Sunday, May 22, 2005

Yes I'm from Portland

About 24 years ago, my parents decided that having sex on the kitchen table of their little rented house in SE Gladstone sounded like a good idea. I wish I could have been in the room (outside of the womb at least) when Mom dropped the ball that Dad and her were officially expecting. Now, my mother's not the most rational person or the most level-headed so I'm sure that the revelation that they're were soon to be parents probably rivaled the death of a loved one in tears shed and screams uttered. My father probably thought that having a child with this woman he'd just recently married and nursed through a nevrous breakdown might have been the best way to keep his blushing bride on the the path to recovery and mental stabilty. Regardless, nine months later I was there breathing my first breaths of Portland air and promptly coughing a lot. That should have been a sign of impending addiction to a city that rarely returns the love you put into it. Living in this city at 24 with no degree and less direction is like dating a self-centered, naive slob of a woman that thinks she's modest when in actualilty she's the most conceited post adolescent ever to hit drinking age. Meaning, it's like loving someone that doesn't have the time to return it, but promises to get around to it eventually.

In a sense, it's why it's hard to find your way in this city unless you have money or a goal. Two things that not everybody in this day and age seems to have a surplus of. You make lists in your head of ways you think you'll be able to succeed (I've always like to refer to them as "hair-brained schemes") and when those plans have the tendency to eventually fail, you tend stop trying to dig your heels in to figure out a new one.

What I've always found hilarious about Portland lies in its constantly evolving identity crisis. Over in NW 23rd we have approximately twelve blocks of an attempt to copy the Beverly Hills coffee shop and high-priced cloth scene. Down in the Pearl District, it's basically the O.C. meets the club scene. Belmont, Hawthorne, and Woodstock are all areas of town where the hipsters have tried to carve out a niche of the city to call their own and make magazine covers and travel guides. The pattern here is that the city wants to be a less glamorous California neighborhood and citizen population that wants to be what Seattle and San Francisco have forsaken: a counter-culture paradise.
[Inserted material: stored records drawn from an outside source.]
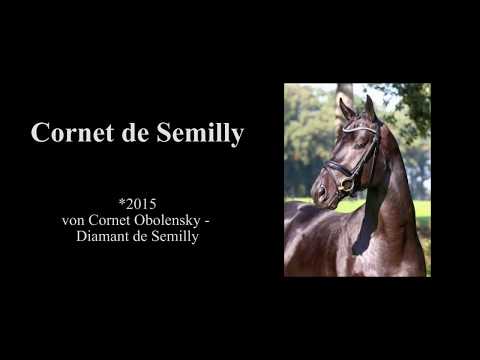 Cornet de Semilly Hengstvorführung 2019
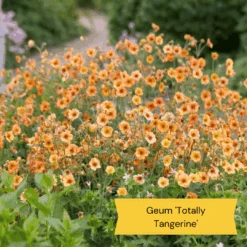 Geums Are Forever Collection -Plant Specialty Store 4 97e7703f 2673 4a42 ab00 07cde4567536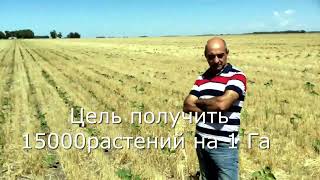 Лекция о нормах высева в технологии NO-TILL. Текниум-Агро организует обучающие поездки в Аргентину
For every Bar 71 and Barracuda that seems to have sprung up, Pied Cow, Voodoo Doughnut, Dante's, and the Shanghai Tunnels still hold their ground as the actual places to patron on a Saturday night. The only difficulty that seems to be developing is that the two scenes clash in such a harsh light that it's almost like gentrification with the hip scene pushing the upstarts out to the outer rims of the East side to stake their claim. With the Pearl district firmly planting a flag that claims territory between NW 23rd and Chinatown (which is still a wretched hive of scum and villany, thank god).

The trick about Portland seems to be that you actually need a counter culture handbook in your own city. Chuck Paulanick's (?) Fugitives and Refugees is among many pocket guides that highlight hidden treasures that no one who lives here on a daily basis has managed to accumulate themselves over X number of years actually living here. The one thing you'll hear most from someone trying to partake in something new and trendy in this town is, "I just heard about this new ____" thus illustrating how no one just goes out and finds these places on their own: they just go read Portland Citysearch.